ULYSSES, MODERNISM, POSTMODERNISM, AND NOW (CL3073)

Reads Joyce's Ulysses in depth, and within modern history and modernist culture. Considers contemporary contexts and the theoretical corpus to which the novel has given rise. Explore relationships between artistic creativity and the imagination of new political and social possibilities.
Taking Joyce's novel as a model, students build intellectual and creative responses to the difficulties and opportunities of late capitalism.

QUEENS, FAIRIES & HAGS: ROMANCE OF MEDIEVAL GENDER (CL3075)

This course is a quest for understanding of the conventions of medieval romance, a genre of predilection for establishing codified, recognizable normative femininities and masculinities through the lens of gender, sexuality and feminist and queer theory. We will explore medieval texts and the social contexts of their production and reception, the aspirations and contradictions of the idealized, and the heteronormative world of knighthood and courtly love.

MODERN SEXUALITIES IN THE PROCESS OF WRITING (CL3076)

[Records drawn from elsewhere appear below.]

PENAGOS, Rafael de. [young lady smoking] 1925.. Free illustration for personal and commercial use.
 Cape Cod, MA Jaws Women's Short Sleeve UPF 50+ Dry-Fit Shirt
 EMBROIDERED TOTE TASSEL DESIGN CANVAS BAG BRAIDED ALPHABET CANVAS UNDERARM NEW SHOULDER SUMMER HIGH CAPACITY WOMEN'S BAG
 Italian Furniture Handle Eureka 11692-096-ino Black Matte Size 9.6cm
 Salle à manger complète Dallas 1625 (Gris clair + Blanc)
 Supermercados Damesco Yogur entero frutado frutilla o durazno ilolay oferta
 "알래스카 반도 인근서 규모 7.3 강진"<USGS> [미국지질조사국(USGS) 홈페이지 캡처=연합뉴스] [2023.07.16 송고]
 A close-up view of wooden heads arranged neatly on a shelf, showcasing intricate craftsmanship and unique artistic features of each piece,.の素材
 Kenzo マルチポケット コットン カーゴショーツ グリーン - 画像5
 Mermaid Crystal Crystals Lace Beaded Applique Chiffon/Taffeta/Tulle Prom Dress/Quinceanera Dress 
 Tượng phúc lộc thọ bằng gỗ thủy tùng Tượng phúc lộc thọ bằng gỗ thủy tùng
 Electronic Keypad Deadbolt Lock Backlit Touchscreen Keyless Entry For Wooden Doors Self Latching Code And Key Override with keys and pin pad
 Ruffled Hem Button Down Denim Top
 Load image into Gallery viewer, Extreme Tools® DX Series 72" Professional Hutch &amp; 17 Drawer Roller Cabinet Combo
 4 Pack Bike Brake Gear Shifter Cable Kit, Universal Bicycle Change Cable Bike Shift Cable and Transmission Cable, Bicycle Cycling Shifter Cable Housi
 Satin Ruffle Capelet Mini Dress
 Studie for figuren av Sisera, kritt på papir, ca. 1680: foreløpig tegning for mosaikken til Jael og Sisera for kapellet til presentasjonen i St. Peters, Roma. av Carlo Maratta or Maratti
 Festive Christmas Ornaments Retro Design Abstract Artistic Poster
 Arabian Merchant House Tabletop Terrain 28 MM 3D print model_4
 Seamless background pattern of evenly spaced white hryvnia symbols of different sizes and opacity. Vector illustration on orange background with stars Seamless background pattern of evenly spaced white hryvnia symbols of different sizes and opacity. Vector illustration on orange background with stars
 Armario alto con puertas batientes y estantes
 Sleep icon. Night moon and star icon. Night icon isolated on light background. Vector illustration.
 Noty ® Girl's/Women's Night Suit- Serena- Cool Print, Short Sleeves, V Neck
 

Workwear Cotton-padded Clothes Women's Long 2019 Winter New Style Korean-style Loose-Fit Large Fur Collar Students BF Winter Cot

Considers a range of literary writing in which experimental prose and challenging depictions of sex have together defined a particularly subversive force. Reads these works against the development of particularly modern arieties of sexual identity and sexual behavior. Includes works by Genet, Nabokov, Orton, Bataille, Kathy Acker, Nella Larsen, among others.

BRECHT & FILM (CL3080)

We examine Brecht's application of his theories and plays to his work in German and Hollywood cinema. We consider his collaborations with Fritz Lang, Charles Laughton, G.W. Pabst, Lotte Eisner and others. We also analyze his influence on later filmmakers such as Jean-Luc Godard, Hans Jurgen Syberberg and R.W. Fassbinder and his contributions to film theory.

POST-COLONIAL LIT. & THEORY (CL3081)

Explores literary works from Africa, Asia, India, Latin American, Ireland and/or the Caribbean alongside classics from the Western canon that address key colonial and post-colonial issues and concepts: imperialism, nationalism, globalization, empire, resistance writing, feminism, hybridity, border-crossing, exile and cultural translation. Introduces major voices in post-colonial literary and cultural studies, Franz Fanon, Edward Said, Homi Bhaba, and Gayatri Spivak.

PROUST & THE ARTS (CL3082)

This course deals with one of the greatest novelists, and one of the major novels, of all time: Marcel Proust, and his masterpiece, In Search of Lost Time. We will read in detail the first two volumes of his novel, Swann’s Way, and In the Shadow of Young Girls in Flower. In addition, we will read extracts from the remainder of the novel that pertain to our chief topics in the course. Proust’s views on time and memory, on love and impossibility, on expectation and disappointment, on knowledge and jealousy, on permanence and the intermittences of the human heart and personality, will all be discussed. Proust had a vast knowledge of visual art, and draws upon paintings to illustrate his aesthetic; he was also deeply knowledgeable about music which plays a key role in Swann’s Way through the composer Vinteuil. We shall consider the paintings that are important in the novel and listen to the music that influenced Proust. Study trips will form a part of this course: to Paris museums and buildings where Proust will himself have seen the art he presents; to the Musée Carnavalet where Proust’s bedroom is housed; and to more recent museums such as the Musée d’Orsay which houses much of the painting of Proust’s period (and the period about which he writes). If possible, a trip will be taken to Illiers (now renamed Illiers-Combray), which was the model for Combray where the first book of the novel is set.

THE BIBLE (CL3089)

This course intends to help students better understand the Bible's influence on literature and cultural history through a primary and secondary approach: reading the Bible (preferably The King James Version); reading the history of the biblical period (introductions and annotations of the New Oxford Annotated Bible). Readings shall cover the Hebrew Bible, the Apocrypha, and the New Testament. No prerequisites.

TOPICS IN COMPARATIVE LITERATURE (CL3091)

Courses on different topics in the discipline, enriching the present course offerings. These classes are taught by permanent or visiting faculty.

INTERNSHIP (CL3098)

Internships may be taken for 1 or 4 credits. Students may do more than one internship, but internship credit cannot cumulatively total more than 4 credits.